**SOURCE MATERIAL:**

=-=-=-=-=

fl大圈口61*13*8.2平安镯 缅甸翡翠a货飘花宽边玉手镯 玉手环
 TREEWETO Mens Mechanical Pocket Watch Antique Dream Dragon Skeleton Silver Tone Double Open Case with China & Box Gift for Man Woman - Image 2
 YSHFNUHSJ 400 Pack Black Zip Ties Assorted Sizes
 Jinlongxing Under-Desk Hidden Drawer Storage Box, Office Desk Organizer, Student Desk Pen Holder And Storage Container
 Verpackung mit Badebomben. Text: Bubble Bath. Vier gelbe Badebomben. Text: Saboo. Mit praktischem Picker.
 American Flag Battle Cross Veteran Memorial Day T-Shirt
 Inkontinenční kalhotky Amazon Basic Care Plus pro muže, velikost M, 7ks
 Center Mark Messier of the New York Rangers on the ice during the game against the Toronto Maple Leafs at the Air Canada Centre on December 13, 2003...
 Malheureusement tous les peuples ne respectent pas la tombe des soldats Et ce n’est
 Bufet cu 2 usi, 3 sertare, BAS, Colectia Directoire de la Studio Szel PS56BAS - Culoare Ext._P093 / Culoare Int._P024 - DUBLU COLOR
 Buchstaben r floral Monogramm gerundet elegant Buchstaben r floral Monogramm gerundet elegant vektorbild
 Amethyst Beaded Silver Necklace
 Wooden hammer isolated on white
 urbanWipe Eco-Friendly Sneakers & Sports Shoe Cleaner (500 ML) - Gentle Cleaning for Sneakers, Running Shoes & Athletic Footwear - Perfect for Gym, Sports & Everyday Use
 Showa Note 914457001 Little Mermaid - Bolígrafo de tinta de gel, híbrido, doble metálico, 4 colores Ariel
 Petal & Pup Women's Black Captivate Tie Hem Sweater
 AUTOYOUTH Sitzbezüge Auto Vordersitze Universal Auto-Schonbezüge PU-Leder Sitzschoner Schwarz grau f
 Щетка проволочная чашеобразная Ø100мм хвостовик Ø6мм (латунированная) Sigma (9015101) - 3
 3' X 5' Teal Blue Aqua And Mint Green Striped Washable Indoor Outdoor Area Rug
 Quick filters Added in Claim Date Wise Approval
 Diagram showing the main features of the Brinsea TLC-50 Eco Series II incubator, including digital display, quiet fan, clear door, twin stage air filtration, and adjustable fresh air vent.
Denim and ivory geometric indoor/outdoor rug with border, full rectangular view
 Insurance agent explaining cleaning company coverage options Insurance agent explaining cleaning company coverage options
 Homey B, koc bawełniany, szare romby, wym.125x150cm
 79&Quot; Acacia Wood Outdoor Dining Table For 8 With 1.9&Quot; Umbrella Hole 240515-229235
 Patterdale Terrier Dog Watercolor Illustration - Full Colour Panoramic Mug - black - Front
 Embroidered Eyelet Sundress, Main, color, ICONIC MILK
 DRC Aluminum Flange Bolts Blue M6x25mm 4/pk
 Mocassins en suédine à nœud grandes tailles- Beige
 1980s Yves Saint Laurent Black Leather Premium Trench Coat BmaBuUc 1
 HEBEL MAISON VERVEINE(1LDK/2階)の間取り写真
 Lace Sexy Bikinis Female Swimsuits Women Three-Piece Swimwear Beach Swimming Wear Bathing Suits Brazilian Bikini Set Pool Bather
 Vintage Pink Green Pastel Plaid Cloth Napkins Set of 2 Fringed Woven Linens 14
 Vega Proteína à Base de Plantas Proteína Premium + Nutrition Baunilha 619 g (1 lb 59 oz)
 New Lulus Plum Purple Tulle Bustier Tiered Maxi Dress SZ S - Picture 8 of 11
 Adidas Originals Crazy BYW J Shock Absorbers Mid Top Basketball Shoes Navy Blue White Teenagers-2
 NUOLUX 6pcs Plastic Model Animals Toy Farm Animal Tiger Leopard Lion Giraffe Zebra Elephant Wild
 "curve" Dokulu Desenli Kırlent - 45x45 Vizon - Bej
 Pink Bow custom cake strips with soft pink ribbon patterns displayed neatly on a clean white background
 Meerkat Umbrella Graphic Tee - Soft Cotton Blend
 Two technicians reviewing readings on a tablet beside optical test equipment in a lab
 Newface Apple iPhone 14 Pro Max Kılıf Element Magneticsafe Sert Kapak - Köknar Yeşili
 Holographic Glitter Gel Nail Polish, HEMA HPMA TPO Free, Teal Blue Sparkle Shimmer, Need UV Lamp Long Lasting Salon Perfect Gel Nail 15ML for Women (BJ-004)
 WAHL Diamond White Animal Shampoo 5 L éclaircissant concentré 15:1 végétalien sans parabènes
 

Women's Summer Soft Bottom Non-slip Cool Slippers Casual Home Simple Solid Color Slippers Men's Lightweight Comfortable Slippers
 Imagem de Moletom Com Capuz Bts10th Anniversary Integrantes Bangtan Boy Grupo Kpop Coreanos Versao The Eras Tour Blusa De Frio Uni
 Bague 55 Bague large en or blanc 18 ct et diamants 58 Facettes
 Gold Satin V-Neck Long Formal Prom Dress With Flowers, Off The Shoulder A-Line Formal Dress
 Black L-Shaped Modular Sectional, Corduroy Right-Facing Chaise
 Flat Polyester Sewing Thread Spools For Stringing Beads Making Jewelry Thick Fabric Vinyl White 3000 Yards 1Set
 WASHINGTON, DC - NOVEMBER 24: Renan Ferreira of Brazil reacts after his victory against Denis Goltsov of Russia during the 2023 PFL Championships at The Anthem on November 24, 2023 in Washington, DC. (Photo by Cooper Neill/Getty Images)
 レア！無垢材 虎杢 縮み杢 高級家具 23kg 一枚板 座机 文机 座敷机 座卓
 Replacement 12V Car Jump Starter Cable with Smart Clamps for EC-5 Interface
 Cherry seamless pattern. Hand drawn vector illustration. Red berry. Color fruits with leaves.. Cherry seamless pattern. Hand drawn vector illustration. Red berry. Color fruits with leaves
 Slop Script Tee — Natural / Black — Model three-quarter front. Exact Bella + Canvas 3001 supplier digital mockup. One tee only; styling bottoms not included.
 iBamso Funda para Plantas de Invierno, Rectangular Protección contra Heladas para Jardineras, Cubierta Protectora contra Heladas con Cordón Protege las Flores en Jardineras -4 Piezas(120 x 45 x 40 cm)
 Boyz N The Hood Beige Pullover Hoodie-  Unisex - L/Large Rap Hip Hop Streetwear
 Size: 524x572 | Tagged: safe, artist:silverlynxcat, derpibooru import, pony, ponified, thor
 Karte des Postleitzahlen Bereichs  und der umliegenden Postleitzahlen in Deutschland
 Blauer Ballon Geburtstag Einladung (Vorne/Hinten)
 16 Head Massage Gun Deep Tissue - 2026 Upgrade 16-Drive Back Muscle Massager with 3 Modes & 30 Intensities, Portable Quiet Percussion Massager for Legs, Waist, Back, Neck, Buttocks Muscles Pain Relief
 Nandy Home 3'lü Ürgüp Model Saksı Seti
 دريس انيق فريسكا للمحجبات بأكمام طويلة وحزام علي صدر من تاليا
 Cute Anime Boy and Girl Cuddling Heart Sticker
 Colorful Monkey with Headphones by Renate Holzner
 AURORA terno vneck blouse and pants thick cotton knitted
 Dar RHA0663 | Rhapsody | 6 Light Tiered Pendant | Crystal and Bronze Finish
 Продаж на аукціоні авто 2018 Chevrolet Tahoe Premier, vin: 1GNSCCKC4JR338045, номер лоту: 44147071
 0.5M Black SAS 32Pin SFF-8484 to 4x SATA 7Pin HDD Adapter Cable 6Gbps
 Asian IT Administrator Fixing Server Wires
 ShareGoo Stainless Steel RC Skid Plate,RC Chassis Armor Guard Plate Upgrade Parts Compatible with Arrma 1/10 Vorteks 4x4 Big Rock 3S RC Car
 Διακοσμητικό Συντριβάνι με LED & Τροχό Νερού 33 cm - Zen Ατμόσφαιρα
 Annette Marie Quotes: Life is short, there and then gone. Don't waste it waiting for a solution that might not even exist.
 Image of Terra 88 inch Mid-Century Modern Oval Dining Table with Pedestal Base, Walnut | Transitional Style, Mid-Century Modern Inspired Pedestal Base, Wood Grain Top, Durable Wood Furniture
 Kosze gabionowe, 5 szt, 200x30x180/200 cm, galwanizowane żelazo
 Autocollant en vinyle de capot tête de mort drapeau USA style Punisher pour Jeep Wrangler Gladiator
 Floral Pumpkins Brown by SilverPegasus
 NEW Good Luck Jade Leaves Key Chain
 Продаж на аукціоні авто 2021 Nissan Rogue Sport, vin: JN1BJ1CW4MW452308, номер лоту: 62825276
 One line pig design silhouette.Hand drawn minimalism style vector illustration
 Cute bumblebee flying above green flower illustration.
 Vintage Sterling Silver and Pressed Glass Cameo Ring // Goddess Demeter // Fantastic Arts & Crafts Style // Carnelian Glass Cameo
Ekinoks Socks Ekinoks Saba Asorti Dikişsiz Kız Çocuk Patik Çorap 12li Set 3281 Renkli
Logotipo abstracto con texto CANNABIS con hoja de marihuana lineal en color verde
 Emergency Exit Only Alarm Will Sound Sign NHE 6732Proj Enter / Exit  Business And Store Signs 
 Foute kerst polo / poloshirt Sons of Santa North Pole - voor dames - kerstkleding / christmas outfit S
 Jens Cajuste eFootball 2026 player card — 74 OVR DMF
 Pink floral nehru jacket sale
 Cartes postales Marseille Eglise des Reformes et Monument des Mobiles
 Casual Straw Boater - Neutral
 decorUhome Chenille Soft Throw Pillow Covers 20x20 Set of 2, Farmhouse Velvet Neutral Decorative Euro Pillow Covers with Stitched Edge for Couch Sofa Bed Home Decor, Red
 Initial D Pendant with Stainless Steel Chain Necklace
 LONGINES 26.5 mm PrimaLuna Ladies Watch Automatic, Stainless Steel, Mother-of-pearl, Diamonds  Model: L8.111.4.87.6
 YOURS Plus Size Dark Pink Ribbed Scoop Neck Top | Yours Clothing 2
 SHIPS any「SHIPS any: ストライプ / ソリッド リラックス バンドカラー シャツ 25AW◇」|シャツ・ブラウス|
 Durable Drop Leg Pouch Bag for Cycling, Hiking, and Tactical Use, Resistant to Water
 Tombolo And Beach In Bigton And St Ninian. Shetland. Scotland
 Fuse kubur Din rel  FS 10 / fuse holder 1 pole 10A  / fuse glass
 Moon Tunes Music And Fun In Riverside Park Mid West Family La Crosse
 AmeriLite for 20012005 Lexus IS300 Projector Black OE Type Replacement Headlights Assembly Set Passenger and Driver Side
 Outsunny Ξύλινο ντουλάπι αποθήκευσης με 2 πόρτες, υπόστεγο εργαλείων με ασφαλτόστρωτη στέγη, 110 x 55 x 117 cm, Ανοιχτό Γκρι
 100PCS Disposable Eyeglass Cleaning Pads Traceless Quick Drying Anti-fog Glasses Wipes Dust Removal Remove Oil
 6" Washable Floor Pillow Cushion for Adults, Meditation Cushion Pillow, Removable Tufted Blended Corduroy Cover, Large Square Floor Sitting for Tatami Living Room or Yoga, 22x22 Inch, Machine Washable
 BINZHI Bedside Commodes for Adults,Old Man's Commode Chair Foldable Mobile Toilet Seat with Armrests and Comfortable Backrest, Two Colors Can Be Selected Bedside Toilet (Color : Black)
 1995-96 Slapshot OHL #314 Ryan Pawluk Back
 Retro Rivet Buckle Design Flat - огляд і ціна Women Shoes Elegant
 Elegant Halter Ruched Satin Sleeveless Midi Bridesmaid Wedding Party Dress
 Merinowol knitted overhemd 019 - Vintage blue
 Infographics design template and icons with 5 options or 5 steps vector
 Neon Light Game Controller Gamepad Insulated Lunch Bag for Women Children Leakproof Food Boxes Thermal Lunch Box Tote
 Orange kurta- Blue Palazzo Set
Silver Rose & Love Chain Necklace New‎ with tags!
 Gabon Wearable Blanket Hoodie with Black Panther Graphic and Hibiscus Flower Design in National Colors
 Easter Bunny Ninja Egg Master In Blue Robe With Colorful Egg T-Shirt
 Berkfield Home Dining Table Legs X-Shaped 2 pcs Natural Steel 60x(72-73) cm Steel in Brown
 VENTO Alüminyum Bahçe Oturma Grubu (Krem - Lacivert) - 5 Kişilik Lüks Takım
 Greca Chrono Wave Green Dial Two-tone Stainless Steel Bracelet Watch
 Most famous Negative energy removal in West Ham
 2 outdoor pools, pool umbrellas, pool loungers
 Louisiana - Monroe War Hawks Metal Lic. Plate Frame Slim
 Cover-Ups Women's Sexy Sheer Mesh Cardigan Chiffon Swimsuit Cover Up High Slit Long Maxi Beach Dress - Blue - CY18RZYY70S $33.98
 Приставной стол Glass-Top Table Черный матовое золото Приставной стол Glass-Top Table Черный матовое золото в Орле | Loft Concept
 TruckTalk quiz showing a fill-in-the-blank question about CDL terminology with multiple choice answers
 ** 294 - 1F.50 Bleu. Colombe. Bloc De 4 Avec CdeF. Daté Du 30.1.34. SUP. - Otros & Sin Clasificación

=-=-=-=-=

**THE PROBLEM:** Print again the lines of the entries above that fall between the line holding "Greca Chrono Wave" and the line holding "Приставной стол Glass-Top Table Черный матовое золото Приставной", inclusive, exactly as they stand.

**RESPONSE AREA:**
 Greca Chrono Wave Green Dial Two-tone Stainless Steel Bracelet Watch
 Most famous Negative energy removal in West Ham
 2 outdoor pools, pool umbrellas, pool loungers
 Louisiana - Monroe War Hawks Metal Lic. Plate Frame Slim
 Cover-Ups Women's Sexy Sheer Mesh Cardigan Chiffon Swimsuit Cover Up High Slit Long Maxi Beach Dress - Blue - CY18RZYY70S $33.98
 Приставной стол Glass-Top Table Черный матовое золото Приставной стол Glass-Top Table Черный матовое золото в Орле | Loft Concept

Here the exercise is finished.